4.13 Drug Treatments

For in vitro treatment, alectinib (MCE, Cat# HY-13011) or FOS inhibitor (FOSi) (Selleck, Cat# S8966) was added at the indicated concentrations into three replicate wells with control, H3122 and LA tumor cells. Cell viability was measured at 72 h after treatment. For in vivo treatment, approximately 1 × 10⁶ control and LA tumor cells were subcutaneously transplanted into 6-week-old nude mice. Mice were monitored for tumor burden by caliper every 3 days. Alectinib and FOSi treatment was initiated when tumor volume reached about 100 mm³. Mice were allocated into two groups for vehicle or FOSi treatment every day. Mice were killed and analyzed once moribund or at the indicated time points.

4.14 Statistics

All in vitro and in vivo experiments were analyzed using GraphPad Prism (version 9, RRID: SCR_002798), with quantitative data assessed by a two-tailed Student's t-test. The number of independent experiments, samples, or events is detailed in the figure legends. Unless otherwise noted, data are presented as mean ± standard deviation (SD).
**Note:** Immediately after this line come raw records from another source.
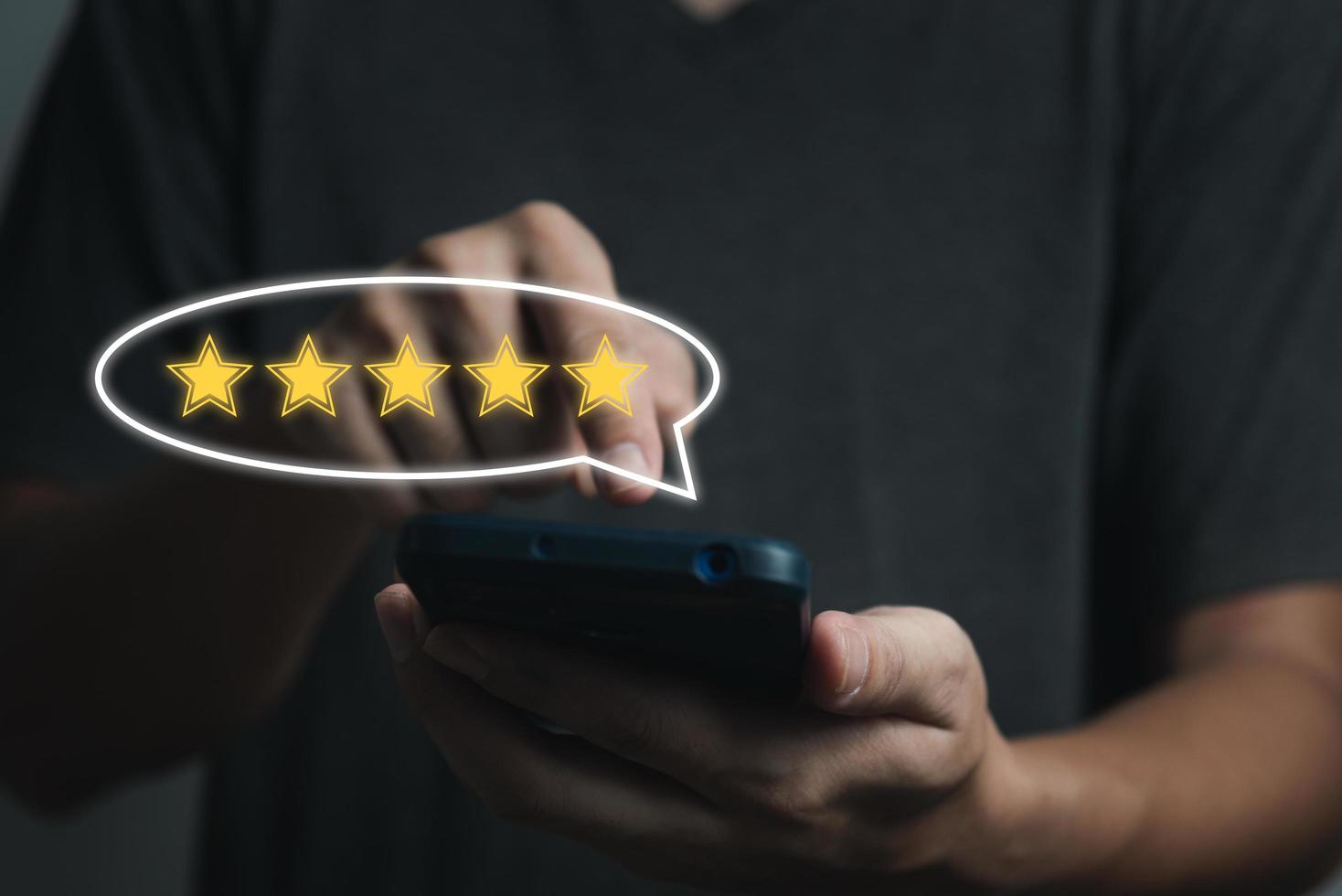 businessman hand using smart phone and give five star symbol icon for feedback review satisfaction service rating of product. Satisfaction Concept. photo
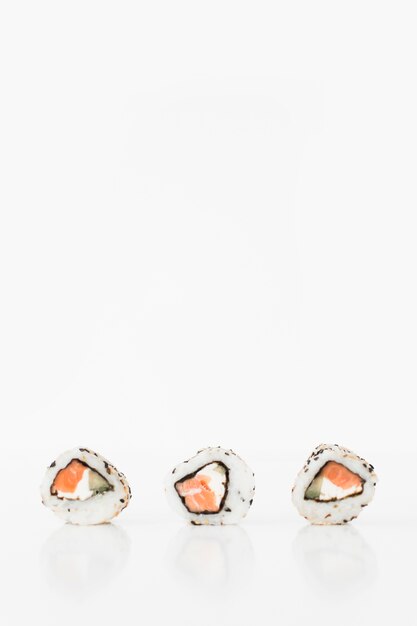 Close-up of three sushi against white background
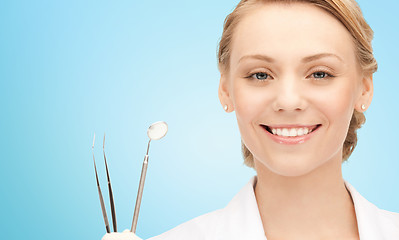 Image showing happy young female dentist with tools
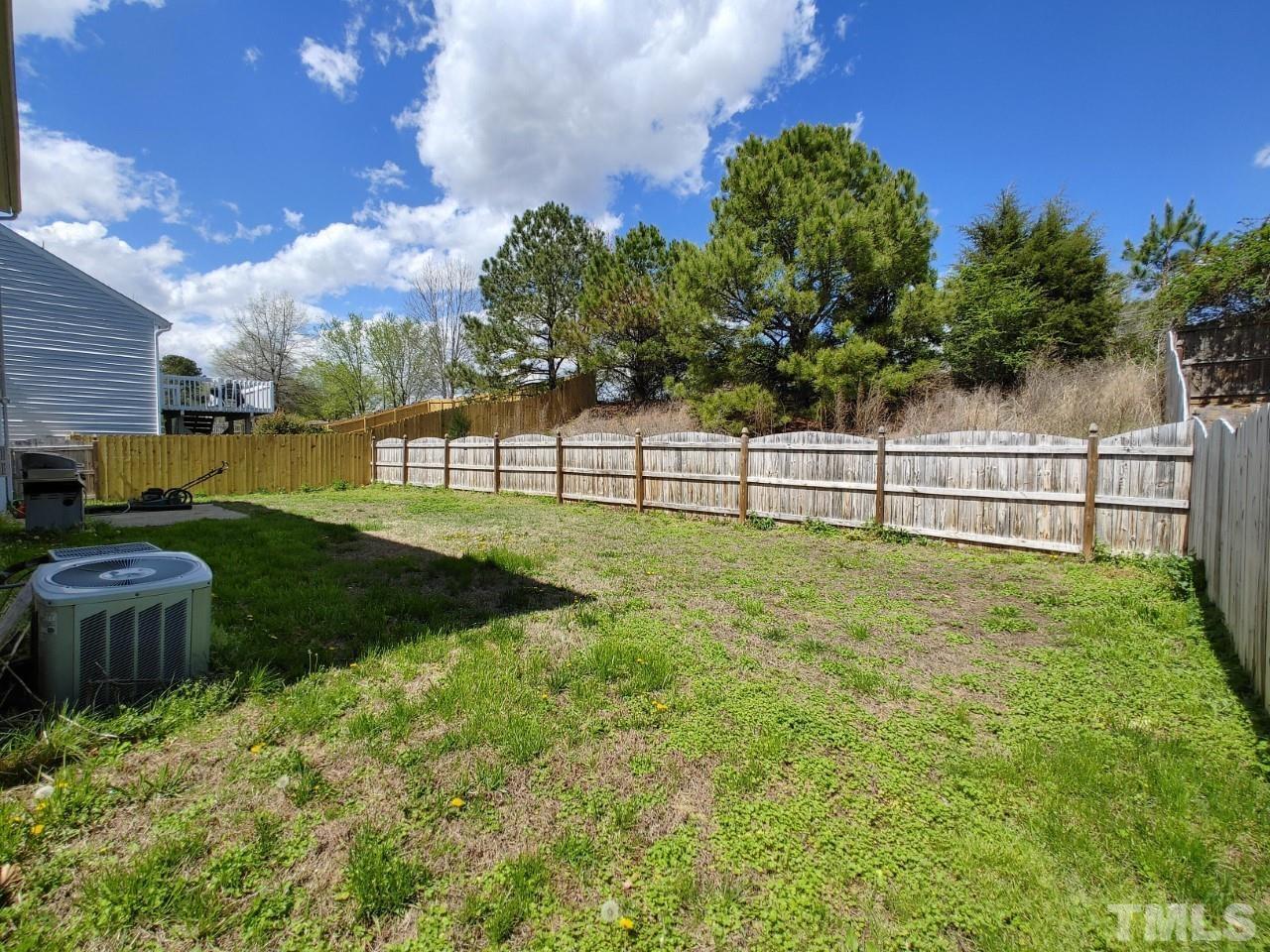 405 Hanson Road Durham, NC 27713 - Photo 26 of 27 a view of a garden with a large tree in front of it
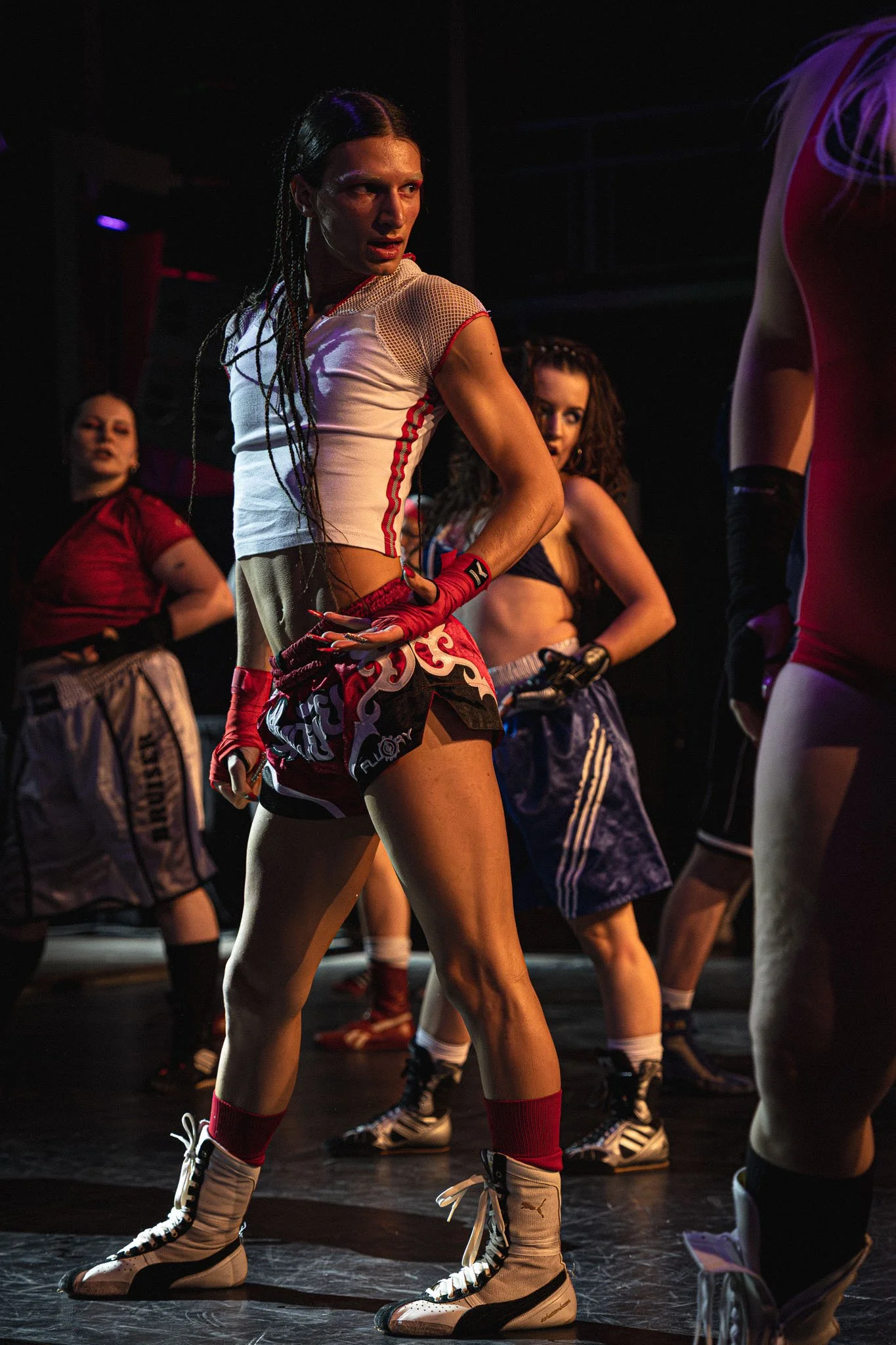 Vrouw in sportoutfit met rollerhockeyschaatsen en dreadlocks, omringd door andere vrouwen, op een donkere podium- of dansvloer.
For in vitro treatments, samples were randomly assigned to vehicle or treatment groups, and blinding was used for tumor measurements and cell viability analysis. In vivo, treatment groups were randomized based on tumor burden before treatment. No data were excluded from the analysis. Statistical bioinformatics methods are described in the figure legends. R version 3.6 was used for omics data analysis and visualization, with “ggplot2” for graph generation. Statistical significance for Venn plots was assessed using a hypergeometric test. Results were considered significant when p < 0.05 (*p < 0.05, **p < 0.01, ***p < 0.001).

4.15 Study Approval

This study adhered to the Helsinki Declaration of the World Medical Association. The Biomedical Ethics Committee of West China Hospital, Sichuan University officially approved the study, which can be extracted from the Chinese Clinical Trials Registry (ChiCTR2100052715). Informed written consent was obtained from each patient before enrollment. The clinicopathological information was collected, and then patient identifiers were removed.

The animal experiments were approved by the West China Animal Ethics Committee (20240301070).